Combinations / Subsets

At each step, choose to include or exclude the current element, then recurse. Use a start index to avoid revisiting earlier elements. Prune when constraints are already violated.

Combinations and Subsets

Given the array [1, 2, 3], how many subsets does it have? The answer is eight: the empty set, three singletons, three pairs, and the full set itself. Every element is either included or excluded, so an array of nn elements has 2n2^n subsets. Generating all of them is one of the most fundamental backtracking problems, and the pattern it establishes extends directly to combinations, combination sums, and handling duplicates.

The Backtracking Framework: Include or Exclude

The idea is simple. Walk through the elements one by one. At each element, you have two choices: add it to your current path, or skip it. After making a choice, move on to the next element. When you have considered every element, whatever is in your path is one valid subset.

In practice we implement this as a recursive function that loops through the remaining elements. At each recursive call, we first record the current path as a valid subset, then try extending it by adding each element from the current position onward. After recursing with that element included, we remove it (backtrack) and move to the next element.

The critical parameter is start, the index from which we begin considering elements. When we include element at index i, we recurse with start = i + 1. This ensures we only look forward, never backward. Without this constraint, we would generate both [1, 2] and [2, 1] as separate subsets, but those are the same set. The start index is what enforces the "order does not matter" property.

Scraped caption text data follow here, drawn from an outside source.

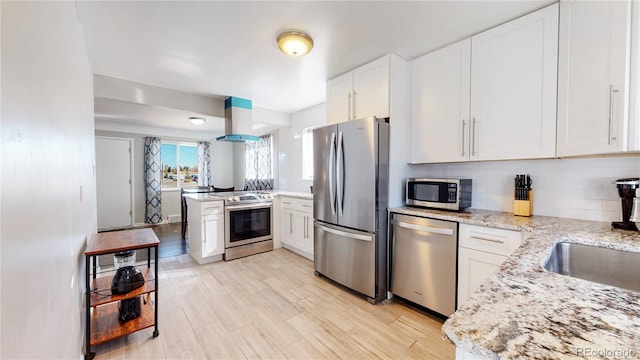 kitchen featuring wall chimney exhaust hood, appliances with stainless steel finishes, white cabinets, and backsplash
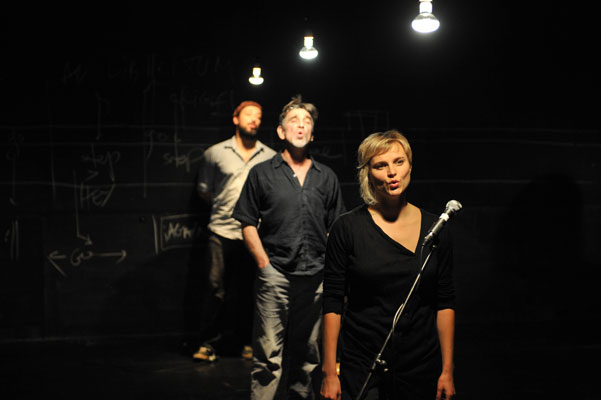 A woman sings into a microphone on a dimly lit stage, with two men standing behind her. Chalk diagrams on a blackboard create an artistic backdrop.
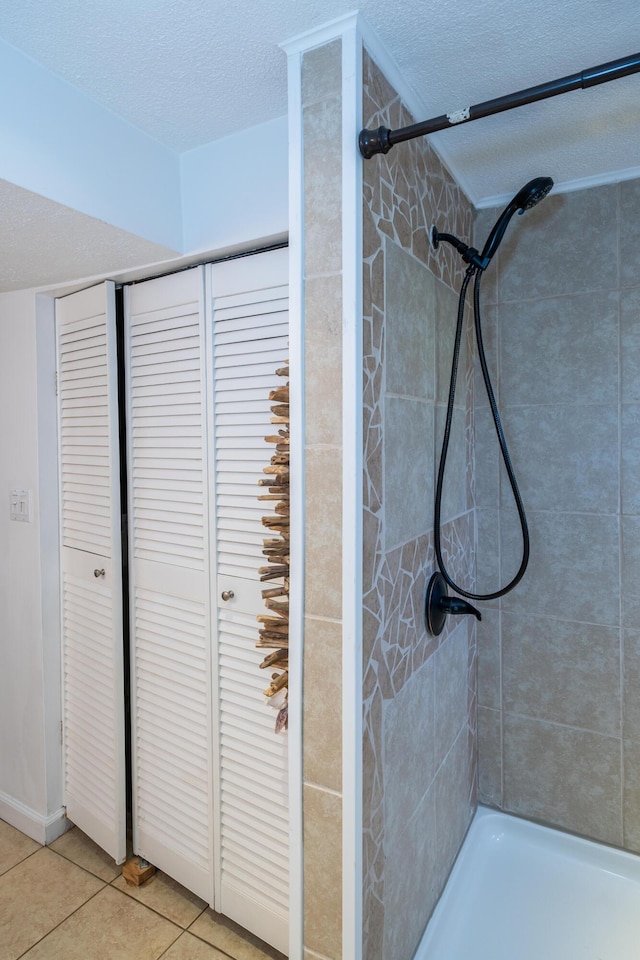 full bath with a textured ceiling, tile patterned floors, and tiled shower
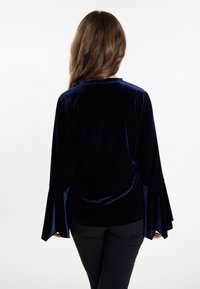 Top in velluto blu navy con maniche svasate, texture liscia e un semplice scollo a giro. Indossato con capi inferiori neri.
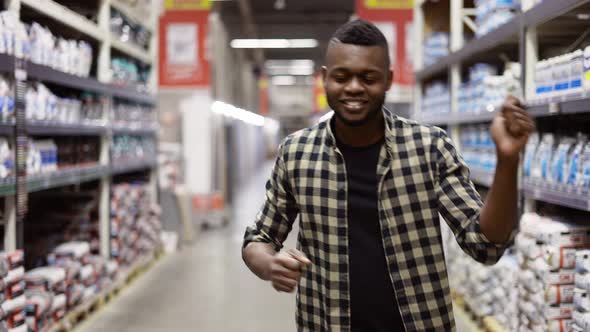 Smiling Guy Dances Gesturing in Hardware Goods Store Between Stacks Slow Motion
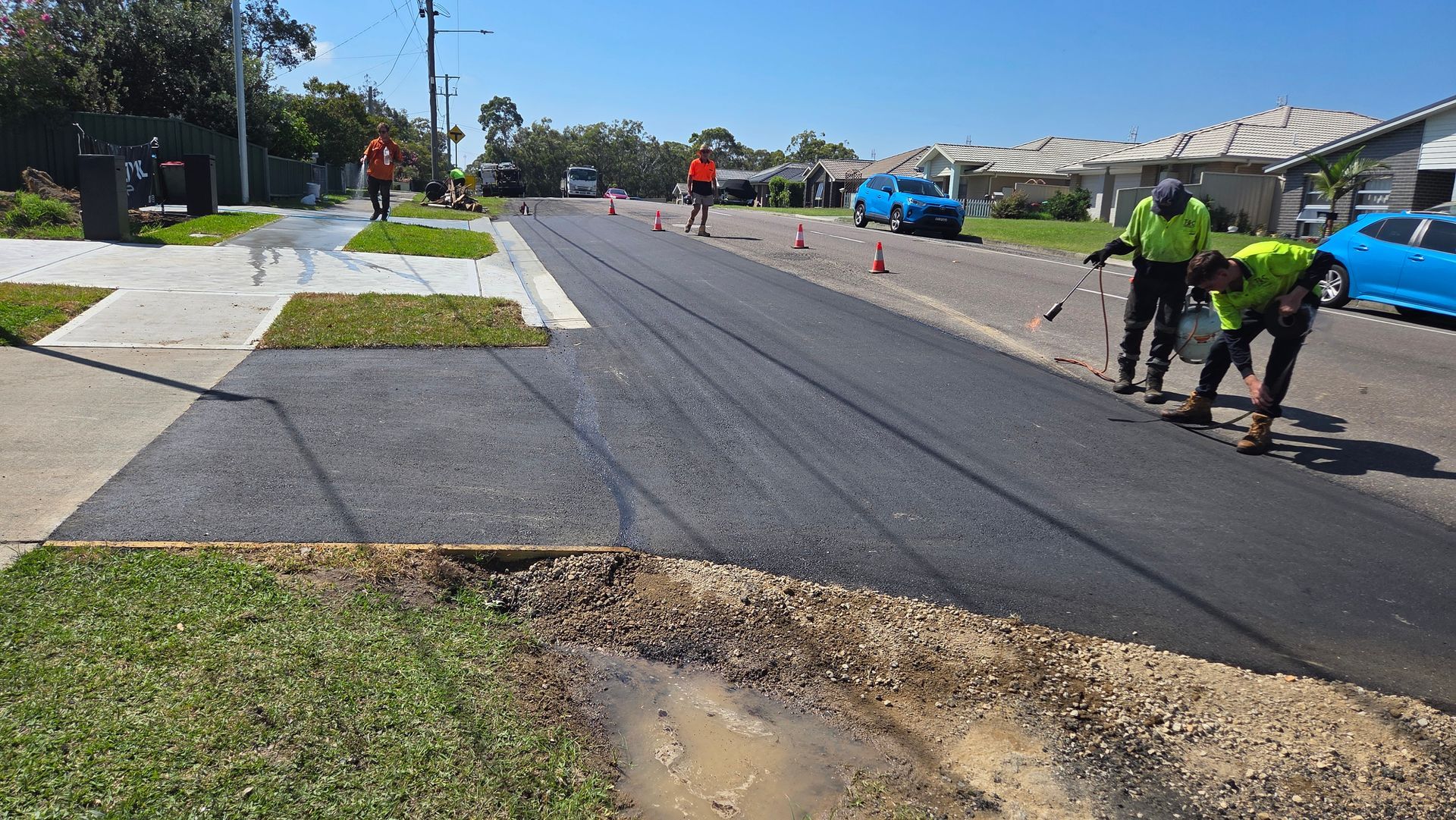 Road Crew Paving a Street. Fresh Black Asphalt, Orange Cones, Sunny Day — TAC Asphalt Services in Warners Bay, NSW
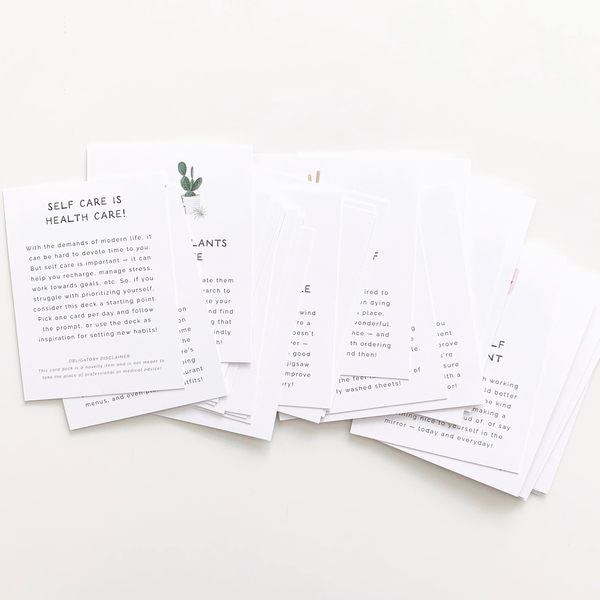 Set of printed cards with text on a white surface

Walking Through the Recursion Tree for [1, 2, 3]

Let us trace the full recursion tree. We call bt(0, []).

At the root, path is []. We record it as a subset. Then we loop i from 0 to 2.

When i = 0, we add 1 to get path [1]. We record [1]. Now we loop i from 1 to 2.

With i = 1 inside that call, we add 2 to get [1, 2]. Record it. Loop i from 2 to 2. Add 3 to get [1, 2, 3]. Record it. No more elements, so backtrack: remove 3, path is [1, 2]. Backtrack again: remove 2, path is [1].

With i = 2, we add 3 to get [1, 3]. Record it. No more elements. Backtrack: remove 3, path is [1]. Backtrack: remove 1, path is [].

Back at the root with i = 1, we add 2 to get [2]. Record it. Loop from 2. Add 3 to get [2, 3]. Record it. Backtrack through both.

Finally i = 2 at the root: add 3 to get [3]. Record it. Done.

The eight subsets, in the order they appear: [], [1], [1, 2], [1, 2, 3], [1, 3], [2], [2, 3], [3].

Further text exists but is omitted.